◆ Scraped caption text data
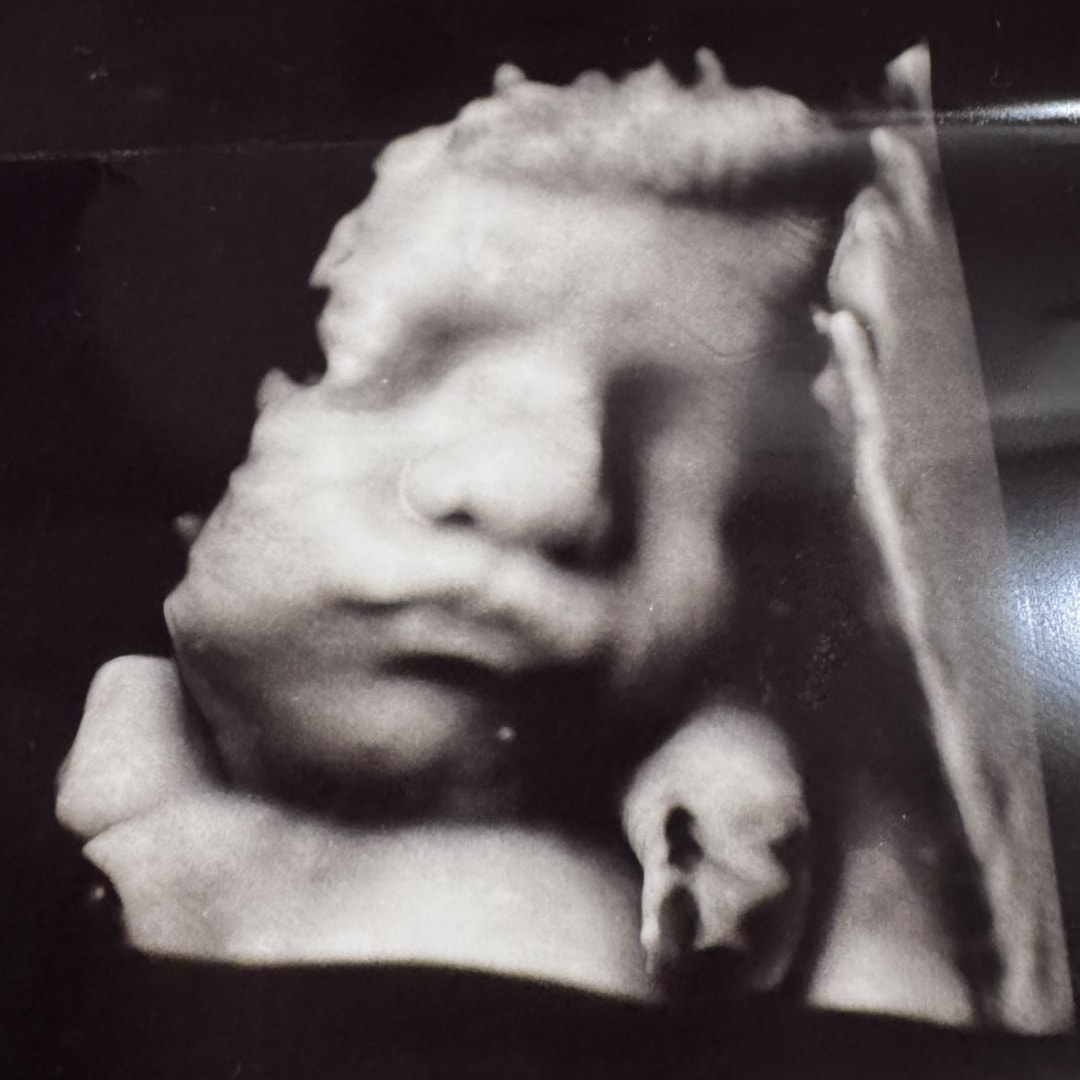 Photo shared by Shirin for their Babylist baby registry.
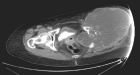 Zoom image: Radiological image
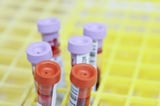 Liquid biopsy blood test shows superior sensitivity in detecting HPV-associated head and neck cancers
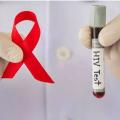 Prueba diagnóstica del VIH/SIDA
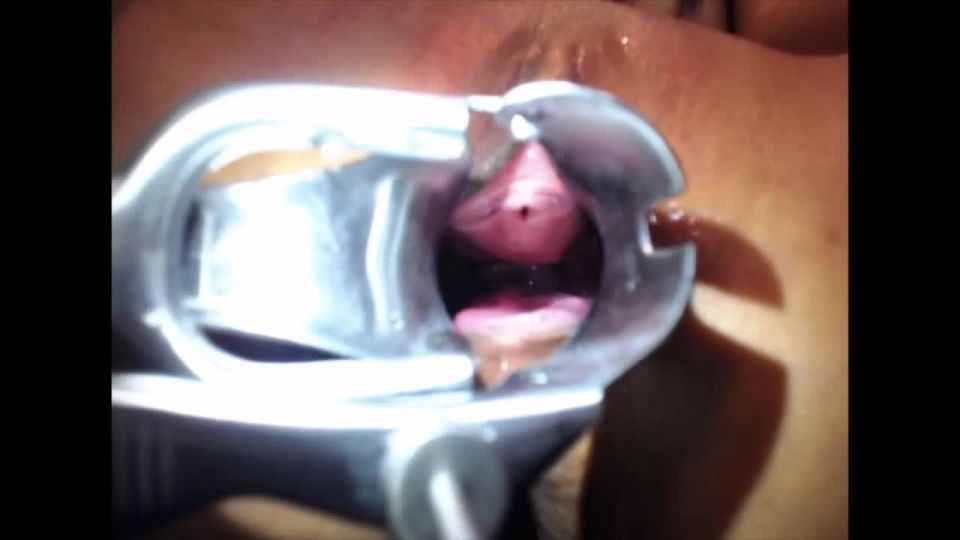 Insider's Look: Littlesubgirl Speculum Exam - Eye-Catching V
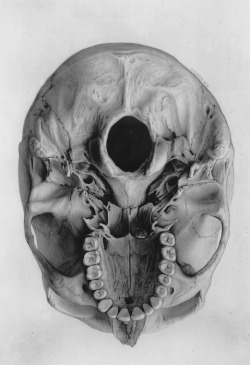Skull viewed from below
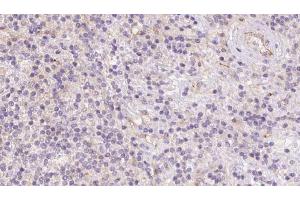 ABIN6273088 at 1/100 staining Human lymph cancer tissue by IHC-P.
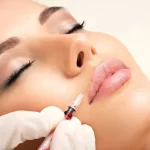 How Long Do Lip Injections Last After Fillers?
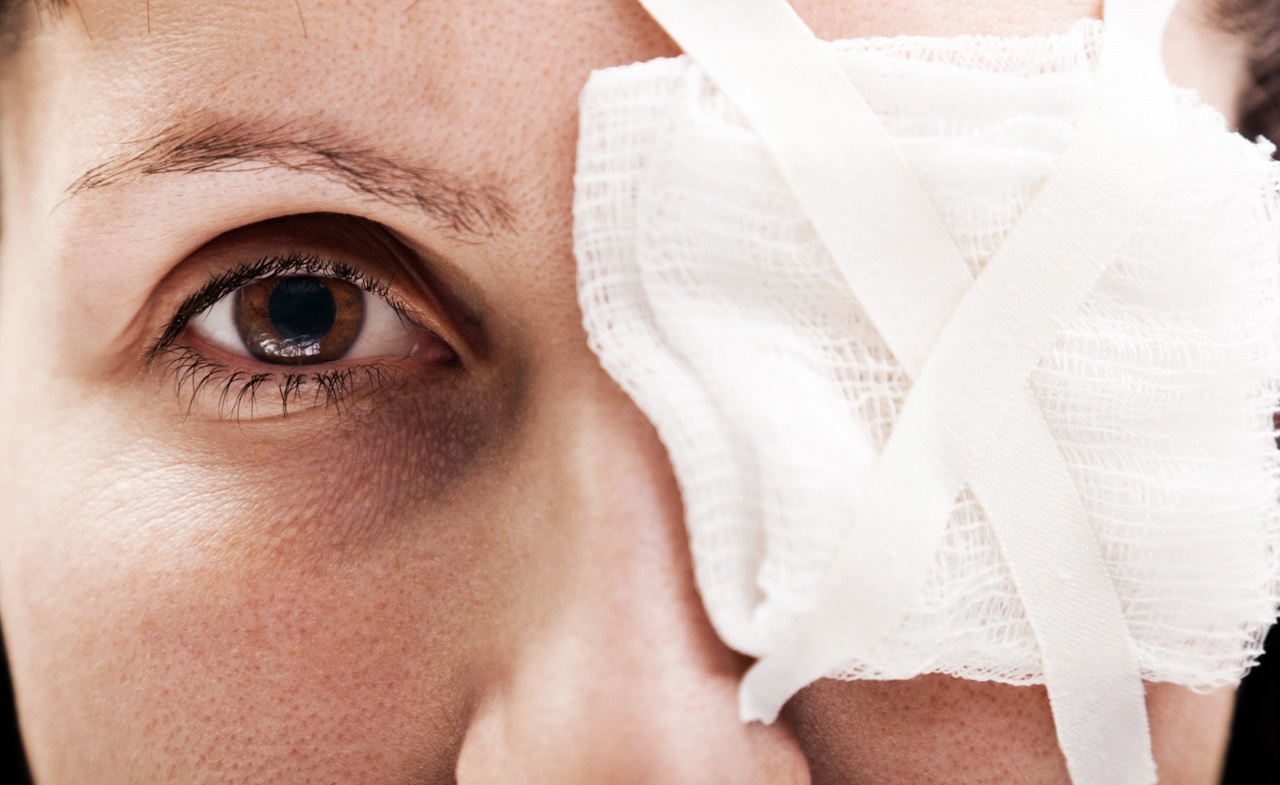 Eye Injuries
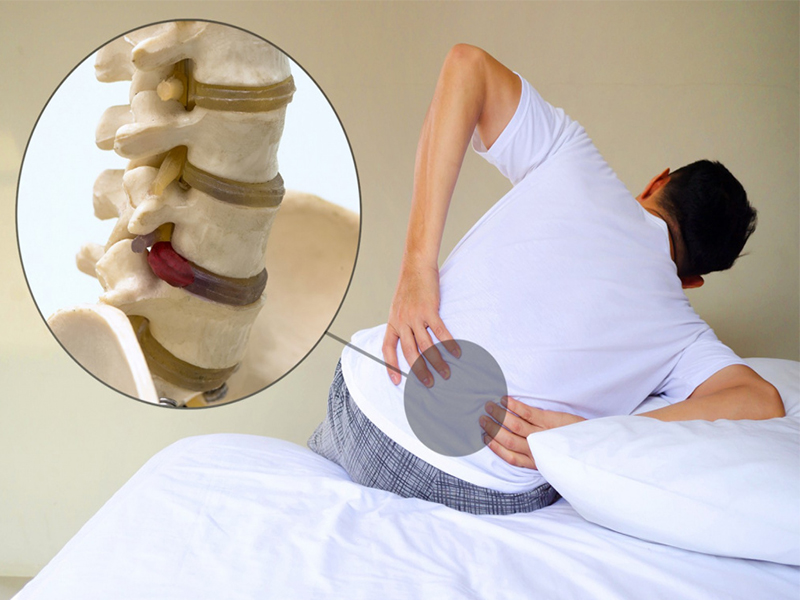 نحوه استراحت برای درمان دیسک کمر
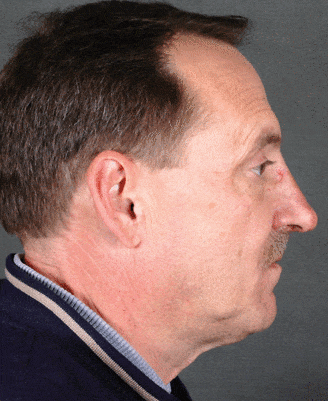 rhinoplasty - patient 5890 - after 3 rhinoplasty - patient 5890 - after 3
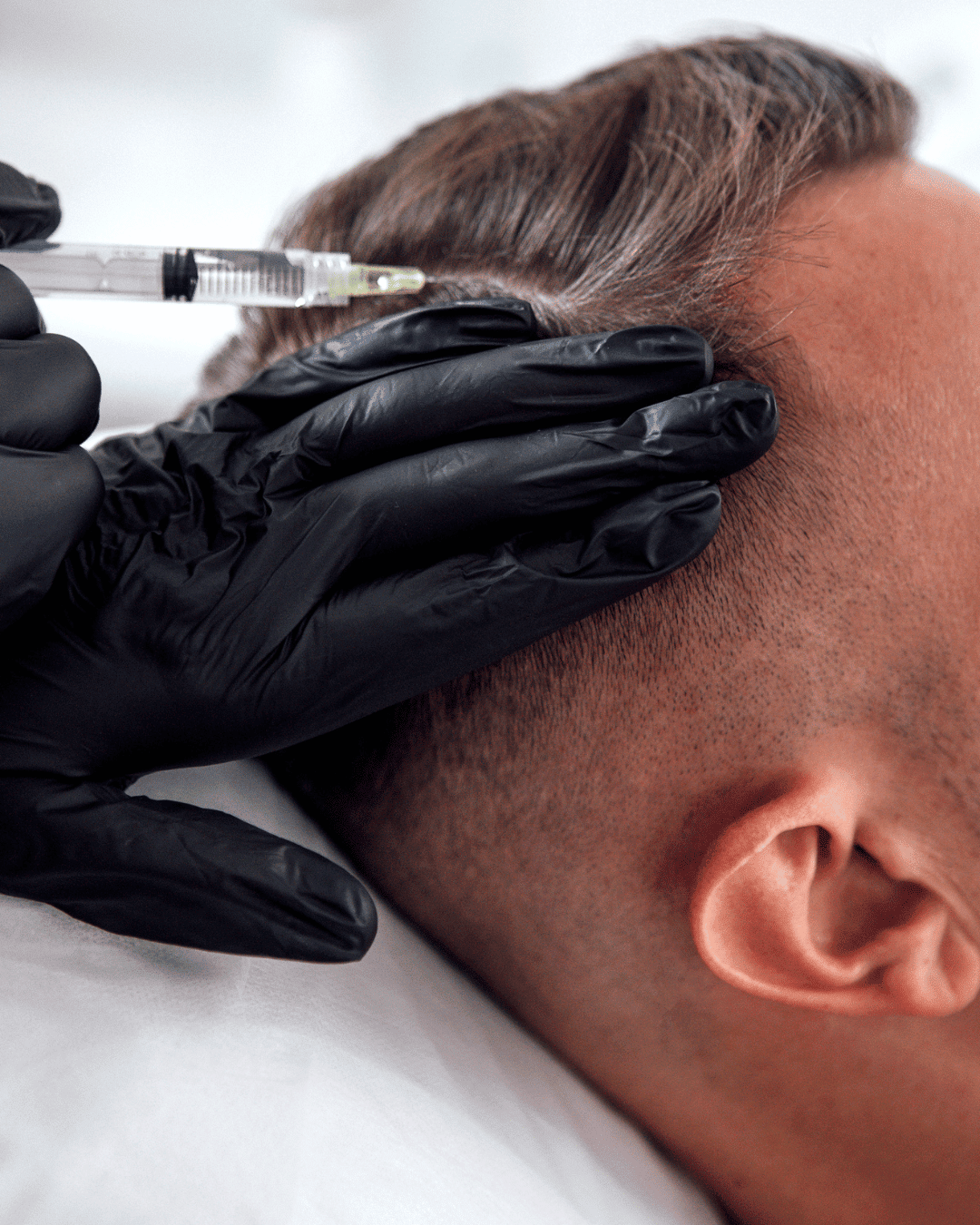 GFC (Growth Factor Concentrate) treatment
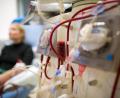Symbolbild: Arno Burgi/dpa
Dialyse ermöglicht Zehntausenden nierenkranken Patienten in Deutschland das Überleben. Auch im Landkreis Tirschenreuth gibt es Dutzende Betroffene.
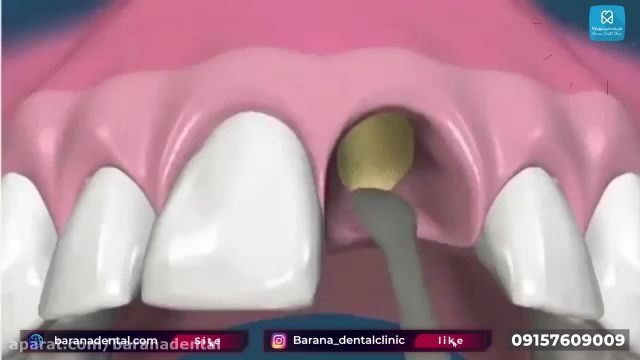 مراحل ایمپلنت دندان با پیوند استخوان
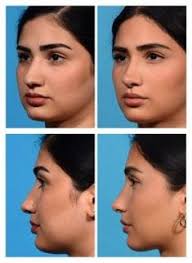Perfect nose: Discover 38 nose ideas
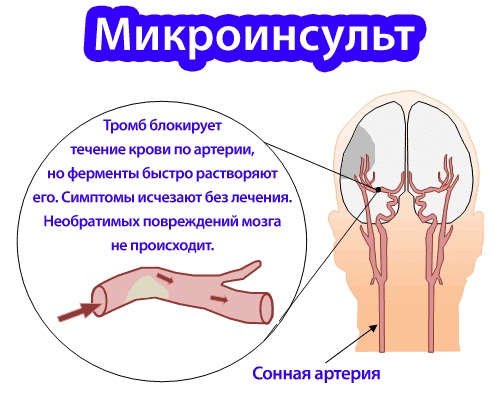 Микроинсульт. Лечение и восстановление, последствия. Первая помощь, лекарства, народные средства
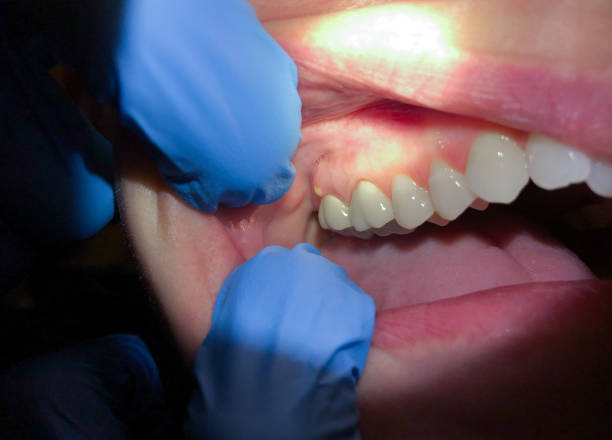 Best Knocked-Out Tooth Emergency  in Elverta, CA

◆ Exercise instructions
What is needed is an exact restatement of every line from the line containing "GFC (Growth Factor Concentrate) treatment" through the last line of the records, minus any pictures.

◆ Answer to this problem
 GFC (Growth Factor Concentrate) treatment
Symbolbild: Arno Burgi/dpa
Dialyse ermöglicht Zehntausenden nierenkranken Patienten in Deutschland das Überleben. Auch im Landkreis Tirschenreuth gibt es Dutzende Betroffene.
 مراحل ایمپلنت دندان با پیوند استخوان
Perfect nose: Discover 38 nose ideas
 Микроинсульт. Лечение и восстановление, последствия. Первая помощь, лекарства, народные средства
 Best Knocked-Out Tooth Emergency  in Elverta, CA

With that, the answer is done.